The enigmatic Fausto Carmona had a brilliant spring. Throwing 26 innings, he allowed only 15 hits while striking out 12 batters. Most importantly, he surrendered only two free passes. Sure, those stats came in meaningless exhibition games, but ever since his stellar 2007 season, Carmona has been battling his control – and losing. In each of the last two seasons, his walk rate has been an unsightly 5.2 BB/9 and 5.0 BB/9. Two walks in 26 innings was enough to make fantasy owners sit up and take notice. Maybe, just maybe, the old Carmona was making a return engagement in the Indians rotation.
So what does he do in his first start of the regular season? He walked the first two batters he faced. So much for putting stock in those exhibition stats.
Carmona finished the night with the Win, but never consistently found the strike zone. He tallied six walks and just one strikeout in six innings of work. In the process, he threw 109 pitches, only 59 of which were strikes. As wild as he was last year, his six walks matched his season high from 2009. The crazy thing about Carmona’s performance last night was despite the lack of command, he allowed just one hit.
So what do we make of this?
Carmona’s saving grace is the fact he’s a ground ball pitcher. In his Wednesday start, he faced 24 hitters and had 16 balls put in play. Of those balls in play, 10 were on the ground. Check his ground ball rates from the previous three years:
2007 – 72%
2008 – 74%
2009 – 66%
The ground balls can help limit the potential self-inflicted damage Carmona seems intent on causing. One of his six walks Wednesday was erased on a double play. Unfortunately, one of his walks came around to score on a Paul Konerko big fly. Konerko also drove in the other run Carmona surrendered on a sac fly in the first.

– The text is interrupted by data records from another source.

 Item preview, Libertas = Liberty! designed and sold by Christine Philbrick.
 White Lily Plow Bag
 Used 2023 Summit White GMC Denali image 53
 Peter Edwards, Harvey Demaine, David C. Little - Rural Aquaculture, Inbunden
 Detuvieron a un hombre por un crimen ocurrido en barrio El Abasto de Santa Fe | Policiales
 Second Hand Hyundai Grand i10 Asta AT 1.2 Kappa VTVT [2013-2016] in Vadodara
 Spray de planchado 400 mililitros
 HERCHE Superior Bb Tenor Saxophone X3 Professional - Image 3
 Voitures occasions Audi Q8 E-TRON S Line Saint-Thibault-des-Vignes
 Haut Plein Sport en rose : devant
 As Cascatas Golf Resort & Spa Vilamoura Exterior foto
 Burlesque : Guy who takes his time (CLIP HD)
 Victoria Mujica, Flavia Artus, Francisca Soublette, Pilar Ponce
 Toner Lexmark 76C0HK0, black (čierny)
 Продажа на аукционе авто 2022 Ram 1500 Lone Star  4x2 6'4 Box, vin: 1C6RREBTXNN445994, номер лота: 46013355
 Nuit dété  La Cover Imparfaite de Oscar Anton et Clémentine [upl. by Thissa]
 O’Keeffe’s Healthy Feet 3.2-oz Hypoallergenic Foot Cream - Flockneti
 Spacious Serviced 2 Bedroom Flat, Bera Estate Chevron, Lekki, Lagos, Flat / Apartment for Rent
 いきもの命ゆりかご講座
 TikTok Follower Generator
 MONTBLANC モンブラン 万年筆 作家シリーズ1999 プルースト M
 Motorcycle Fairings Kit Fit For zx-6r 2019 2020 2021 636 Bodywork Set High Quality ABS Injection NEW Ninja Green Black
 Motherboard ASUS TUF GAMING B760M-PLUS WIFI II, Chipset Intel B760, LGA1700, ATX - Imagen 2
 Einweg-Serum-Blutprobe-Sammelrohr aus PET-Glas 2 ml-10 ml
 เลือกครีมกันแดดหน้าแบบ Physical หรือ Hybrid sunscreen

While it was great Carmona allowed only one hit, I’m not sure the White Sox lineup provided him with a true test of his abilities to get batters out. In the past, left handed hitters have given Carmona fits. His career splits paint an ugly picture:
Career vs. RHB – .239/.325/.350
Career vs. LHB – .297/.375/.441
The White Sox are a team loaded with right-handed hitters. Last night, they had three leftys in the lineup – Juan Pierre, A.J. Pierzynski and Mark Teahen. Not exactly a murderer’s row. The point to take from this is based on Carmona’s splits and ability to induce the ground ball, he should be successful against the White Sox.
Carmona has never been a strikeout pitcher, so once he began fighting his control, his fantasy impact turned sour. The 2009 season saw Carmona put the finishing touches on a stunning collapse.
Whatever Carmona found to help tame his control this spring, the early returns say he left it behind in Arizona. In order for Carmona to regain his successful touch, he’ll have to reign in the walks and figure out how to solve left-handed hitters. Based on last night’s performance, the jury is still out on whether that can happen in 2010.